# Vacation Cages



## Vixie (Jul 21, 2006)

My fammily often goes on week-long vacations(most often to Destin or Tampa, wonderful there).

I have just ordered a Ferret NAtion cage, so I will be moving the girls into it once I have it here and properly furnished. I'm planning on neutering the boys and putting them in with the girls once I have established trust with my vet that he knows what he's doing.

I'm just going to throw out the cage that my girls are in right now, it's just been jacked up and not worth a dime(except maybe to cut up and make shelves and whatnot for, but I just don't think it's worth it), and the boys' cage I'm going to keep to bring the ratties on vacations.

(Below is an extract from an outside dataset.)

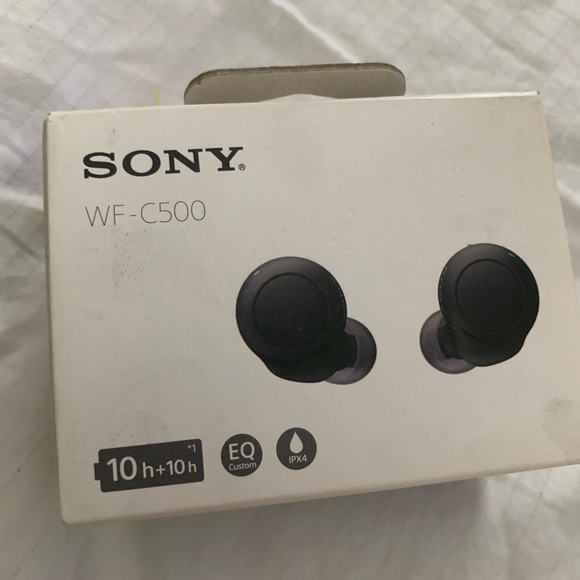 Sony WF-C500 Truly Wireless In-Ear Bluetooth Earbud Headphones with Mic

Now, the thing is the cage I have the boys in is adequate for two rats as a permanent living space. Our vacations are normally a week long, and I wanted to know if it'd be overcrowding and stressing the rats if I had them all in that cage for that week so no one is left out.

http://www.petsmart.com/global/prod...&itemNo=63&Nao=48&In=Small+Pet&N=2047888&Ne=2

^^That is the cage I'm talking about.

So, stressful for a week or what?
I could very well add on to the current cage if it isn't adequate, just need to know ahead of time so I can do that.


----------



## codcommando (Feb 7, 2007)

When I take my two rats out of town on the weekends I take them in a 25x13 cage and they do fine. I think that cage should be fine for 4 rats for just a week. Just take them out to play a bit more than you usually would, and I think they will be content. What I would be worried about is trying to introduce the males and females to such a confined cage. If your going to take them on vacation, you should introduce them well in advance.


----------



## Vixie (Jul 21, 2006)

Yes, I just ordered a very roomy Ferret Nation cage and plan to have the boys neutered soon and have them all live in the same cage.

We don't have any vacations planned but summertime is coming up and that's usually when we go. So ya, they'll all be nice and acqainted before any vacation.


----------



## cassie_485 (Mar 1, 2007)

I have that cage for my five growing girls. I also plan on getting a Ferret Nation for them when their fully grown.
The super pet cage is a good cage though, and it should be fine as a vacation cage.


----------



## Vixie (Jul 21, 2006)

cassie_485 said:


> I have that cage for my five growing girls. I also plan on getting a Ferret Nation for them when their fully grown.
> The super pet cage is a good cage though, and it should be fine as a vacation cage.


...eesh...five rats? That cage is barely enough for two! Please do get that FN cage soon, the Superpet cage is just enough room for two!


----------